On the role of the Knudsen layer in rapid granular flows

TL;DR

This study investigates the influence of the Knudsen layer on rapid granular flows using simulations, theory, and experiments, establishing criteria for its thickness and identifying when its effects are significant in flow predictions.

Contribution

It introduces a robust criterion for identifying the Knudsen layer thickness and quantifies when its effects must be considered in flow modeling.

Findings

Knudsen layer effects are detectable within 2.5 mean free paths of a boundary.

Navier-Stokes predictions are reliable when the Knudsen layer is less than 20% of the domain.
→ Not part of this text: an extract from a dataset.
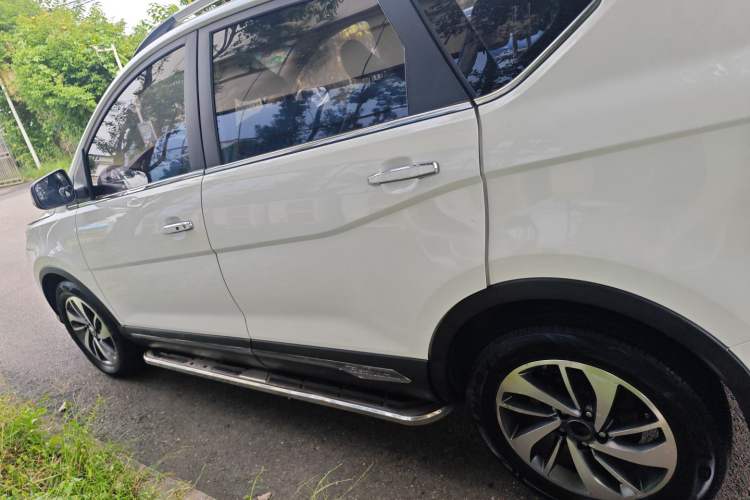 Used Baojun 560 2016 1.8L iAMT Luxury Model Exterior 3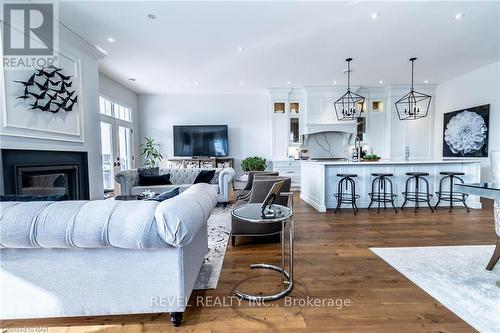 19 Newport Beach Blvd, Fort Erie, ON - Indoor Photo Showing Living Room With Fireplace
Deterioration of predictions occurs when the entire domain is within the Knudsen layer.

Abstract

A combination of molecular-dynamics simulations, theoretical predictions, and previous experiments are used in a two-part study to determine the role of the Knudsen layer in rapid granular flows. First, a robust criterion for the identification of the thickness of the Knudsen layer is established: a rapid deterioration in Navier-Stokes-order prediction of the heat flux is found to occur in the Knudsen layer. For (experimental) systems in which heat flux measurements are not easily obtained, a rule-of-thumb for estimating the Knudsen layer thickness follows, namely that such effects are evident within 2.5 (local) mean free paths of a given boundary. Second, comparisons of simulation and experimental data with Navier-Stokes order theory are used to provide a measure as to when Knudsen layer effects become non-negligible. Specifically, predictions that do not account for the presence of a Knudsen layer appear reliable for Knudsen layers collectively composing up to 20% of the domain, whereas deterioration of such predictions becomes apparent when the domain is fully comprised of the Knudsen layer.